India, Delhi sultanate, Muhammad (bin Tughluq) Shah III (AH 725-752 / 1325-1351 AD.), Takhgat Delhi mint, AH 730-2 (1329-32 AD.),
50 Jitals / "black Tanka" (19 mm / 7,52 g), bronze, axes irregular alignment ↑<- (ca. 230°), forced token currency, two holing attempts, one successful,
Obv.: Man ata'a al sultan fa-qad ata'a al-rahman (Persian inscription: "he who obeyed the sultan obeyed the Merciful one"), date and mint in margins, e.g.: dar takhtgah dehli sal bar hafsad si (Struck at Takhtgah Dehli in sevenhundred-thirty...) .
Rev.: Muhr-shod tankah ra'ij dar rozgar bandah amidvar muhammad tughluq (Persian legends: "sealed as a tankah current in the reign of the slave, hopeful (of grace) Muhammed Tughluq").
Mitch. 2597 ; Rajgor 1138 ; Goron/Goenka "The Coins of the Indian Sultanates" D-403 .

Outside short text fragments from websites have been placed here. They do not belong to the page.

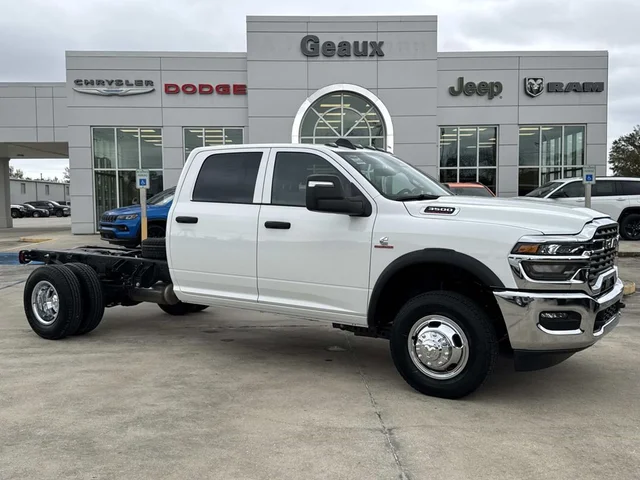 2026 Ram 3500 Tradesman
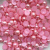 0404-5146В-Полубусины пластиковые круглые "ОмТекс", 10 мм, (уп.50гр=175+/-3шт), цв.101-св.розовый - купить в Краснодаре. Цена: 63.46 руб.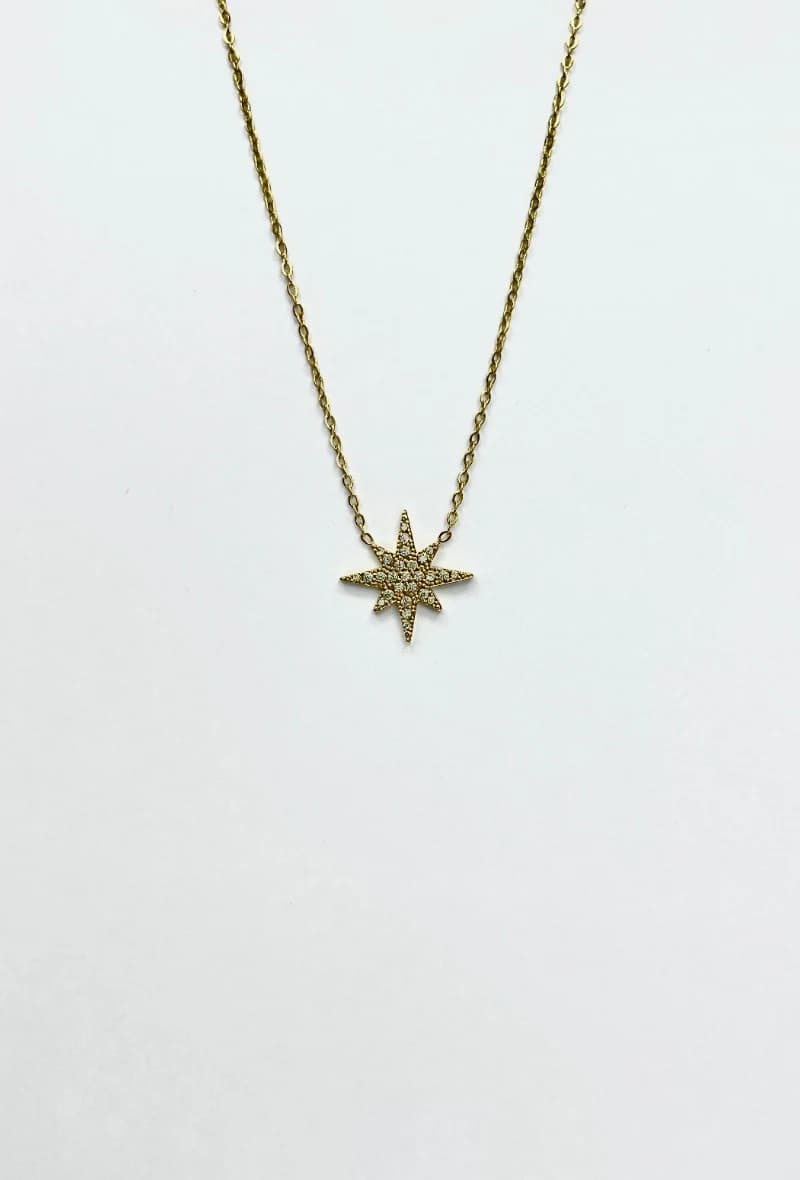 Collier étoile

thanks to Arthur Needham and Tariq ("Ansari") for ID help ; http://www.worldofcoins.eu/forum/index.php/topic,14224

In 1327 Mohamed III introduced a monetary reform, part of which included an issue of a so-called "forced currency" - bronze pieces that had a government-set value of silver, minted between 730 AH and 732 AH. There is no possibility to differenciate the issues of the Royal Mint from those contemporary imitations fabricated by local copper smiths.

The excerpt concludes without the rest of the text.